Five pathogens were detected by real-time PCR: feline calicivirus (FCV) (63%), FHV-1 (54%), Mycoplasma felis (50%), feline coronavirus (FCoV) (17%) and Chlamydophila felis (3%). A positive FHV-1 PCR result was associated with slightly higher respiratory clinical scores (95% CI= (0.050-1.351), p <0.05) and lower ocular clinical scores (95%CI= (-2.464,-0.597), p <0.01). Male cats (n=51) had higher ocular clinical scores than females (95%CI= (0.342-1.789), p < 0.01). Viral isolation detected virus in 84/90 samples within 7 days. Virus isolates from 18/21 samples with both FHV-1 and FCV detected by PCR showed no banding consistent with FHV-1 on electrophoresis after DNA extraction. Of these 18 samples, 15 were confirmed to contain FCV by PCR performed on first viral passage supernatant.
Conclusions and Relevance
Our finding that FHV-1 was associated with higher respiratory scores, but lower ocular scores, contradicts current understanding and warrants further research. The results of the viral isolation demonstrate that FCV may grow preferentially over FHV-1 in vitro. Overall, the results indicate that FCV may play a more significant role in infectious ocular disease in cats housed in animal shelters than previously realized.

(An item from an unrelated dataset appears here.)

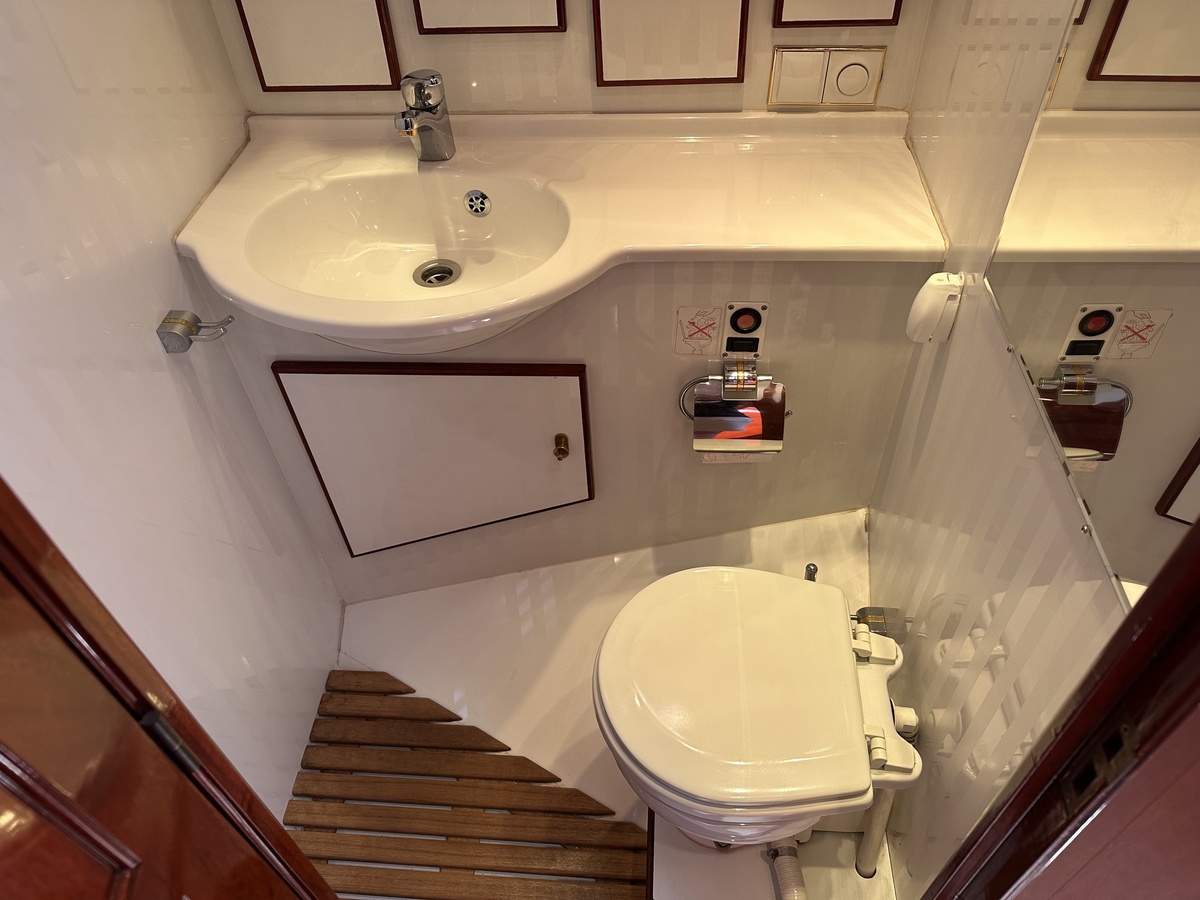 foto: 25 Rondspant Kotter 1250 GSAK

Upper respiratory disease, both with and without ocular involvement, is an extremely common problem in shelter cats and the companion animal population (1). Common pathogens suggested to be responsible in the past include feline herpesvirus-1 (FHV-1), feline calicivirus (FCV), Chlamydophila felis, feline coronavirus (FCoV) and Mycoplasma felis. Specifically, FHV-1 has been associated with respiratory disease (2-4), ocular disease (2, 4) and skin disease (5). FCV has been associated with gingivostomatitis (6-12), respiratory disease (2, 3, 11) and ocular disease (2, 11). C.felis has been associated with respiratory disease (2) and ocular disease (2, 13). FCoV has been reported to cause mild respiratory signs, diarrhea and can mutate to cause feline infectious peritonitis (14). M. felis has been identified as a cause of pneumonia in cats (15), upper respiratory disease (16) and has been associated with ocular disease (13, 17-20). Current recommendations are that cats in a shelter environment should be vaccinated against both FHV-1 and FCV (21-23).

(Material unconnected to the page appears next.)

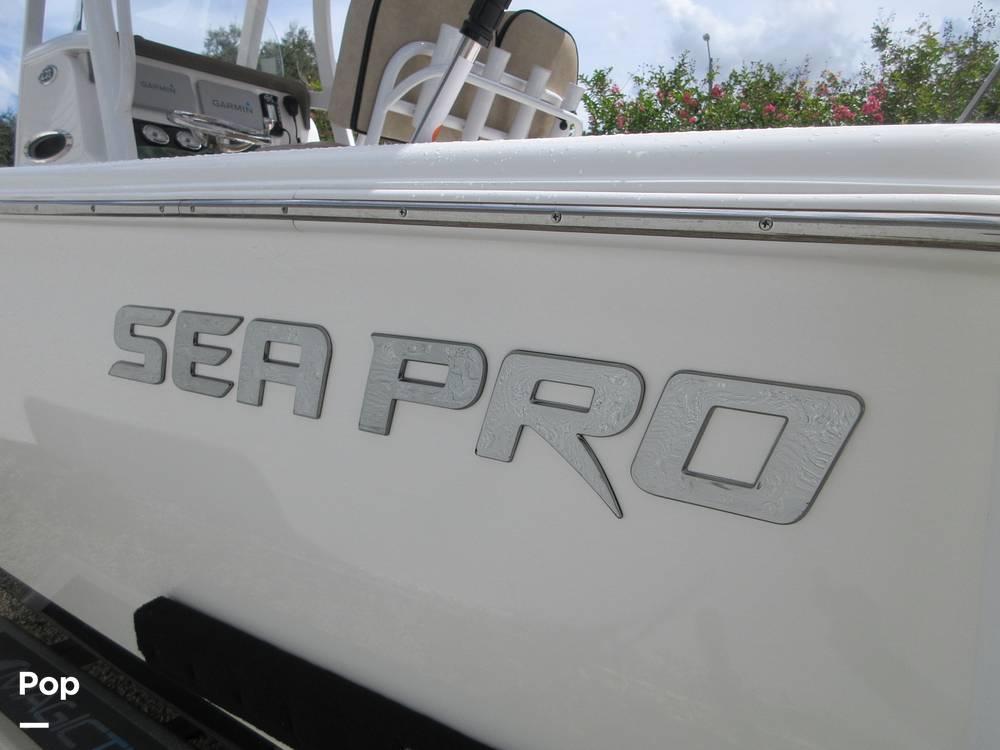 2017 Sea Pro 239 for sale in Riverview, FL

Previous studies have looked at the prevalence of these pathogens through the use of PCR in Spain (2), Switzerland (8), UK (24, 25), Germany (11), Canada (26, 27), Europe (3), Brazil (28), Korea (29), Japan (30), Australia (31) and the USA (32-34). However, the previous published studies that have taken place in the USA have been restricted geographically to California (32), New England (33) and Colorado (34).
Both ocular and oropharyngeal swabs from cats have been used to perform PCR for upper respiratory disease pathogens. The use of oropharyngeal swabs may increase the detection rate of pathogens (35).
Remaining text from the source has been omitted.